Writing about chronic illness is 'super interesting for a poet' but 'awful' as a person | Literary Arts | Pittsburgh | Pittsburgh City Paper

Writing about chronic illness is 'super interesting for a poet' but 'awful' as a person


Shannon Sankey grew up in various communities in the South Hills, moving frequently, never staying long enough anywhere to feel comfortable. Suffering from Crohn’s disease — she underwent chemotherapy for five years as part of her treatment regimen — added another layer of discomfort. Sankey tackles these issues in her recently published chapbook from TAR Chapbook Series, We Ran Rapturous.

“For this work especially, but in a larger sense in all my work, I think a lot about containers, both in content and in form,” Sankey says. “So, you’ll see a lot of the poems are prose containers. For this work, I’m dealing with chronic illness, I’m dealing with an ancestral meditation, and all of it is very serial and dreamlike, so you need to use rooting, grounding images.”

A graduate of Chatham University’s Master of Fine Arts program, Sankey works as a copywriter at Penn State Fayette in Lemont Furnace, Fayette County, and teaches creative writing and sustainability in community programs. Writing about Crohn’s disease, as well as her mother, who suffers from seven autoimmune afflictions, wasn’t a priority.

When she finally decided to write about those illnesses, Sankey had “a lot of darkness and power and magic to draw on. ... For a long time, I resisted writing about it.
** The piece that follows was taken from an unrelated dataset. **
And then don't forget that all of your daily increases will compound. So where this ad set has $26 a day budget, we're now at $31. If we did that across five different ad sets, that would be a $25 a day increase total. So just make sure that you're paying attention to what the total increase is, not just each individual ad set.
I didn’t want it to even inhabit my body, let alone write from it.”

While in the MFA program at Chatham, Sankey noticed that many of her peers were examining their own traumas. That gave her the permission she needed to write about her disease. The first poem in the chapbook, "Disabled," illustrates the first tentative exploration of her affliction:


I don’t choke on the word.

                It is a red spice

from my mother’s cabinet.


“It took the better part of the last decade to allow myself the accommodations that were necessary to even arrive at this chapbook,” Sankey says. “In ["Disabled"], the speaker gifts herself all the darkness, the terror, the magic, of disabled as an identity. It’s a reclaiming of power. … It feels amazing to hold the book in my hands and outside of myself, because it’s so heady to write from the body, especially when it’s one of chronic illness. It feels like you’re standing on a really precarious foundation.”


In addition to being physically debilitating, Crohn’s disease also is a mental battle, sufferers always on edge about when symptoms will appear. Exploring the mental state of chronic illness, and Crohn’s specifically, became the raw material for Sankey’s poems.

“Crohn’s changes your relationship to food,” she says. “It changes your relationship to community, to sustenance, to survival. And some of the poems address that, the speaker grappling with `every time I feed myself, I’m feeding the thing that destroys me.’ It causes a huge psychic dissonance, but it can be super interesting for a poet. But as a person, it’s awful.”